◆ What needs to be done ◆
For this exercise, reproduce the records exactly as they stand and do not carry any images over.

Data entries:
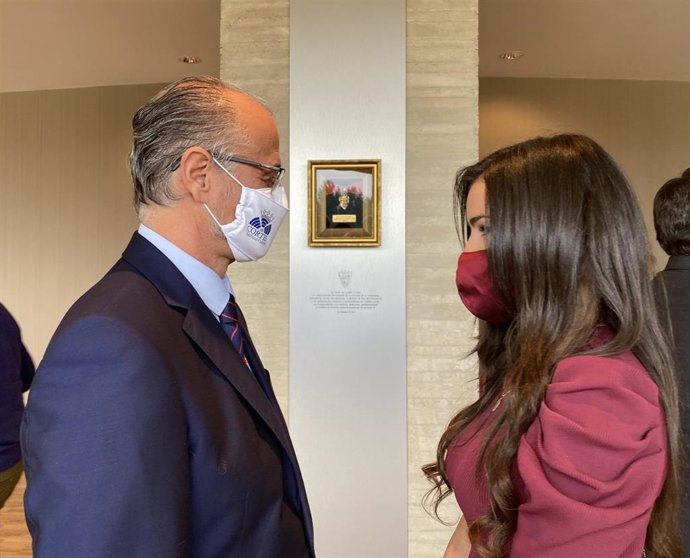 El presidente de las Cortes, Luis Fuentes, y la homenajeada Ana Gutiérrez García, hija del fallecido doctor Fernando Gutiérrez.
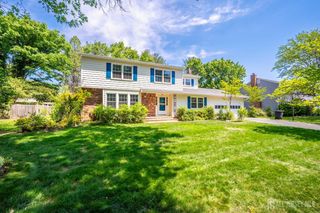 18 Parker Road, Plainsboro, NJ 08536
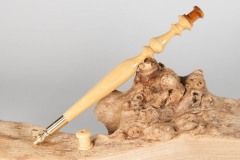 Crochet de Lunéville en buis. Bobines décoratives amovibles en buis et cerisier.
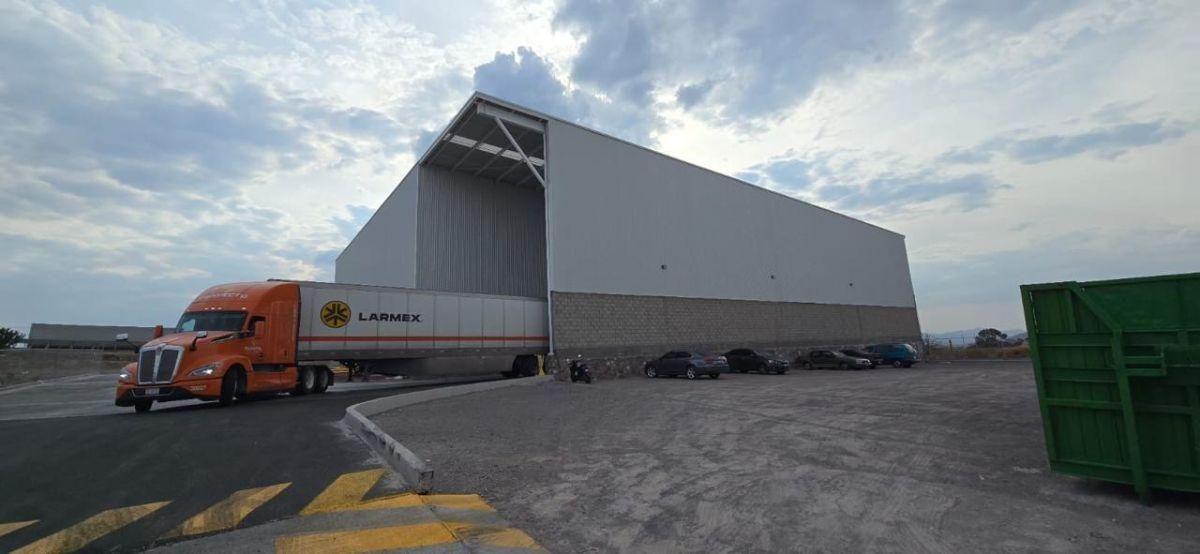 Bodega Industrial en Renta de 2,490 m&sup2; Dentro San Juan del Rio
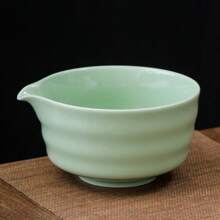 1 Stück Matcha-Schale aus hochwertigem Keramik. Sie ist elegant, langanhaltend und leicht zu tragen und zu benutzen. Japanischer Tee-Zeremonie Schale.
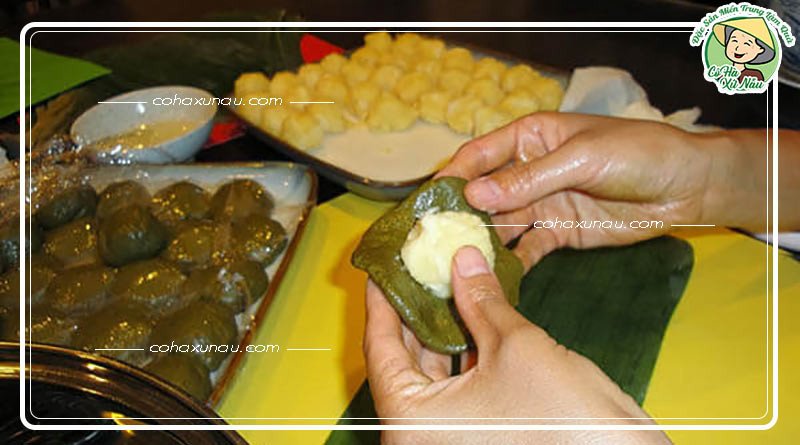 Gói bánh ít lá gai một cách khéo léo để tạo hình đẹp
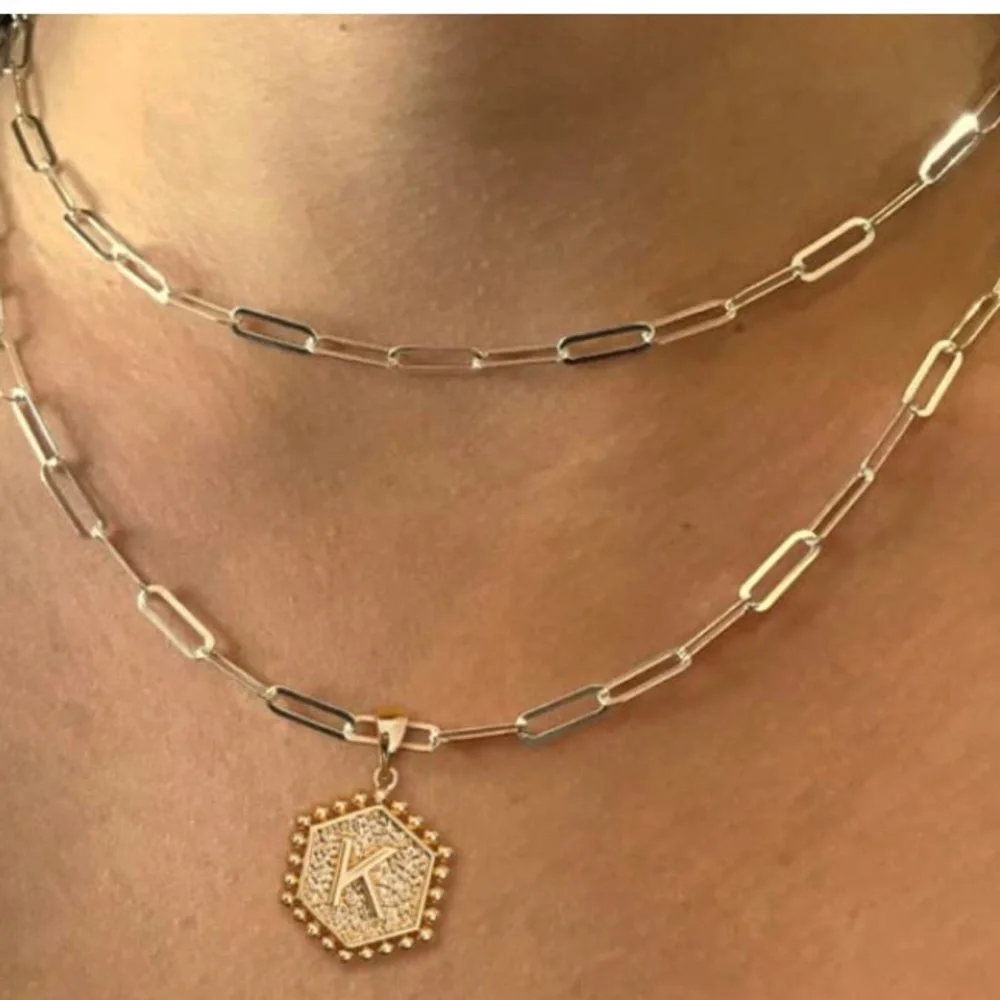 ::✨Delicate [GOLD] Layered Initial Necklace Set - Picture 9 of 12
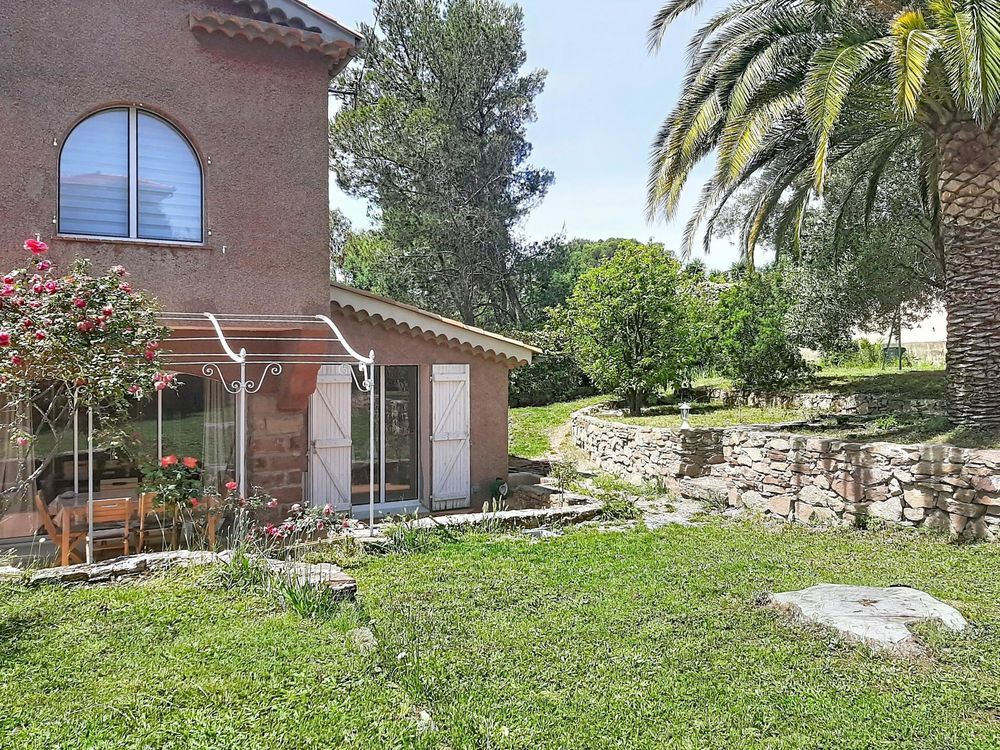 � vendre  Maison Saint-Rapha�l (83700)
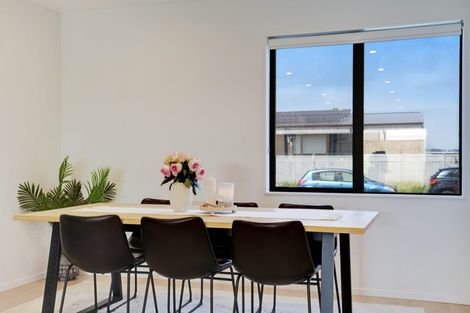 Photo of property in 6 George Cole Lane, Takanini, 2112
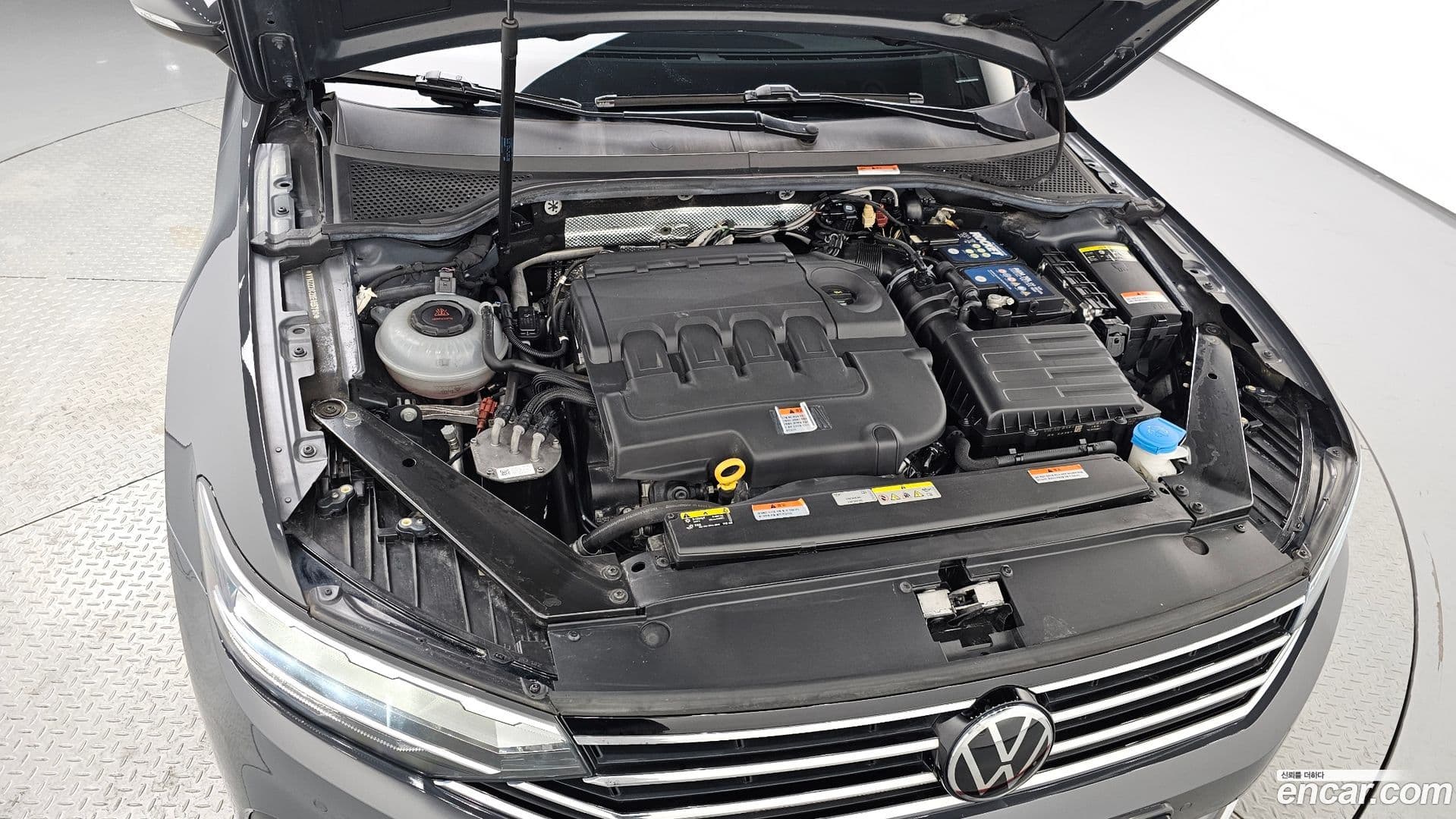 Main__Slider__Photo:Passat Volkswagen 2021.1-5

◆ Result ◆
 El presidente de las Cortes, Luis Fuentes, y la homenajeada Ana Gutiérrez García, hija del fallecido doctor Fernando Gutiérrez.
 18 Parker Road, Plainsboro, NJ 08536
 Crochet de Lunéville en buis. Bobines décoratives amovibles en buis et cerisier.
 Bodega Industrial en Renta de 2,490 m&sup2; Dentro San Juan del Rio
 1 Stück Matcha-Schale aus hochwertigem Keramik. Sie ist elegant, langanhaltend und leicht zu tragen und zu benutzen. Japanischer Tee-Zeremonie Schale.
 Gói bánh ít lá gai một cách khéo léo để tạo hình đẹp
 ::✨Delicate [GOLD] Layered Initial Necklace Set - Picture 9 of 12
 � vendre  Maison Saint-Rapha�l (83700)
 Photo of property in 6 George Cole Lane, Takanini, 2112
 Main__Slider__Photo:Passat Volkswagen 2021.1-5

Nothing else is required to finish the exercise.